Quando os cuidadores chegam com os alimentos, os chimpanzés correm para a orla para encontrá-los. Créditos: Agnes Souchal

"Foi a primeira vez que os vi, então é difícil de comparar, mas eles não apresentam o peso que deveriam apresentar", disse Souchal em uma entrevista via Skype. "Eles precisam ser alimentados pelo menos uma vez por dia, para começo de conversa, mas segundo a minha linha de trabalho, seriam alimentados quatro vezes por dia: duas refeições principais e dois lanches. No meio selvagem, eles passam oito horas por dia em busca de alimentos. Requerem muita energia, são animais grandes, com bastante músculo."

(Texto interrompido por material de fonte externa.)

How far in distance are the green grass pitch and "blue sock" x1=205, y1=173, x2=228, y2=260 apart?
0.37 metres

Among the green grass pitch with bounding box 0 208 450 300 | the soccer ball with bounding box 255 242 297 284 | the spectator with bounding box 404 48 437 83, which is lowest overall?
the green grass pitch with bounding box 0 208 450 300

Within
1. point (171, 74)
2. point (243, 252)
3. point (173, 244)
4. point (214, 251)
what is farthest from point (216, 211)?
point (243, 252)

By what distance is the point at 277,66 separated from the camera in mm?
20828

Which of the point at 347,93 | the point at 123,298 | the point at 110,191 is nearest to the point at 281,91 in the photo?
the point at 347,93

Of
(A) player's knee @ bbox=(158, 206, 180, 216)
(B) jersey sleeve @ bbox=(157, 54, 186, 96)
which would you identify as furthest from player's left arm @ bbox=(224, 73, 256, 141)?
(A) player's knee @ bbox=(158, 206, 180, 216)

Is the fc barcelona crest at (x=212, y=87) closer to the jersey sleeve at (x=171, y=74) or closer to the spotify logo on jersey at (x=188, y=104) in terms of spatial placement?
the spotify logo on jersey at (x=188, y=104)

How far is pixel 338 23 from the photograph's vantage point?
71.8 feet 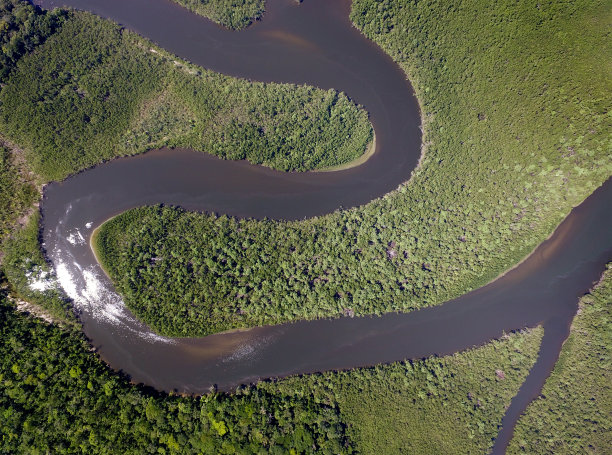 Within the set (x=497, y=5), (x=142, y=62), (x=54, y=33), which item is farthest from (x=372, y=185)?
(x=54, y=33)

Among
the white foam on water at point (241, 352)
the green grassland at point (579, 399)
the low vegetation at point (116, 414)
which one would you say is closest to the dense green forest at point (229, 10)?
the white foam on water at point (241, 352)

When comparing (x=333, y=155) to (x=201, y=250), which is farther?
(x=333, y=155)

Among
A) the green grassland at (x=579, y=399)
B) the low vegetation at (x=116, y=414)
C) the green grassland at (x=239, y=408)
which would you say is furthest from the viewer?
the green grassland at (x=579, y=399)

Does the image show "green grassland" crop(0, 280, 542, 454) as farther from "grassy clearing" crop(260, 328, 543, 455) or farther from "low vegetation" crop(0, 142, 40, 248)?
"low vegetation" crop(0, 142, 40, 248)

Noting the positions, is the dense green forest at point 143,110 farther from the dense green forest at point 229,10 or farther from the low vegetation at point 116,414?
the low vegetation at point 116,414

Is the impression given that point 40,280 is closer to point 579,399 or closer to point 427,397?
point 427,397

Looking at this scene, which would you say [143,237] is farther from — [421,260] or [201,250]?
[421,260] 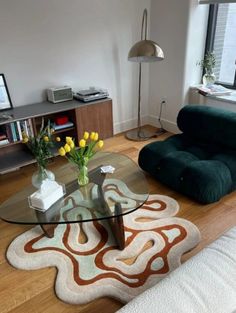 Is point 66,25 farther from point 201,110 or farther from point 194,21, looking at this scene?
point 201,110

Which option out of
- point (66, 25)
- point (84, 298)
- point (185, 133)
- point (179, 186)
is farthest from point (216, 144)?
point (66, 25)

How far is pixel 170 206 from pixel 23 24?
7.58ft

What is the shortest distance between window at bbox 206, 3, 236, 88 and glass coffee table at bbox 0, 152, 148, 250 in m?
2.15

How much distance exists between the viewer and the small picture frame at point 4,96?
2885 millimetres

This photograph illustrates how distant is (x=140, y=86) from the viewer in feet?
12.9

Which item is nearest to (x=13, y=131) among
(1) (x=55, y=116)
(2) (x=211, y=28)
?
(1) (x=55, y=116)

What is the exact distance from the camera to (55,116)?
3285 mm

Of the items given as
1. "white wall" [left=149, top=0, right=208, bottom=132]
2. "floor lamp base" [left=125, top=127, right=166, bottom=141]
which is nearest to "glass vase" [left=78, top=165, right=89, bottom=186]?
"floor lamp base" [left=125, top=127, right=166, bottom=141]

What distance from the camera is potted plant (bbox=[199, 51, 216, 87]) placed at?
11.6 feet

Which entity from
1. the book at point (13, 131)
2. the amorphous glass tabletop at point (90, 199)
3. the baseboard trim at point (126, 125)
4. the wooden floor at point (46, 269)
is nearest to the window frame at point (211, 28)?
the baseboard trim at point (126, 125)

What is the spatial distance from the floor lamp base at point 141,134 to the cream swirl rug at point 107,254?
1.63 meters

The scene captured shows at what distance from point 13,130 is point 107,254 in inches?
63.9

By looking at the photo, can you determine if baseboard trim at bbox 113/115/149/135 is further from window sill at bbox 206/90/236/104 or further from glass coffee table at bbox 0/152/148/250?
glass coffee table at bbox 0/152/148/250

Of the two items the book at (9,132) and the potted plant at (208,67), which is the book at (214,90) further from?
the book at (9,132) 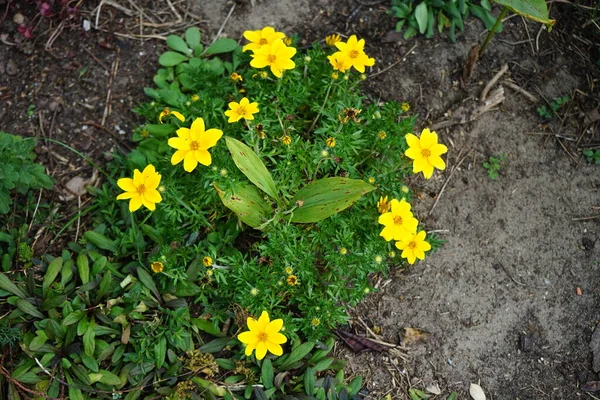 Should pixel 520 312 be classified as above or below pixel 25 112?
below

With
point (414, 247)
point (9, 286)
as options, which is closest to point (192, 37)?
point (9, 286)

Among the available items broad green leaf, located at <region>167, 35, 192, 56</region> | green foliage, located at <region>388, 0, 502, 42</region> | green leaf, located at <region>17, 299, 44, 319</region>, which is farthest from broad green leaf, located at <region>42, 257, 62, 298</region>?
green foliage, located at <region>388, 0, 502, 42</region>

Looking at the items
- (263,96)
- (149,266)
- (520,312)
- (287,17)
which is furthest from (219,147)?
(520,312)

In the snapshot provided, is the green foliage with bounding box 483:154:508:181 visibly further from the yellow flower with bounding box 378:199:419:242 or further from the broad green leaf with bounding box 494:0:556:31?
the yellow flower with bounding box 378:199:419:242

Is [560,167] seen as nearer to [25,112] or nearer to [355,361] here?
[355,361]

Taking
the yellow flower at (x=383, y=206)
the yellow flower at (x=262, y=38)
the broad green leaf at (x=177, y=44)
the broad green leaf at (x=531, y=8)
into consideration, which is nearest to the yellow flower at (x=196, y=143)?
the yellow flower at (x=262, y=38)

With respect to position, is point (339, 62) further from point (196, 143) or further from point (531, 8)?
point (531, 8)

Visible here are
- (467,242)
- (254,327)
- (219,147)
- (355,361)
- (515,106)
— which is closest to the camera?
(254,327)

Souchal me contou que finalmente consertaram o sistema hídrico danificado que costumava abastecer os chimpanzés com água fresca, um dia antes dela ir embora. Enquanto isso, os funcionários estão trabalhando de graça desde março, na esperança de manter os chimpanzés vivos e preservar os seus empregos caso os fundos sejam retomados.

Embora todos os grupos envolvidos estejam ansiosos para encontrar uma solução, eles batem o pé na crença de que o NYBC deve assumir a responsabilidade e garantir cuidados futuros aos chimpanzés. Brotman concorda.

"Não existe outra opção. O Banco de Sangur precisa encontrar um grupo, que não seja o governo liberiano e precisa pagá-lo para que cuide dos animais", disse ela. "É terrível. Não dá para descrever o quão terrível é."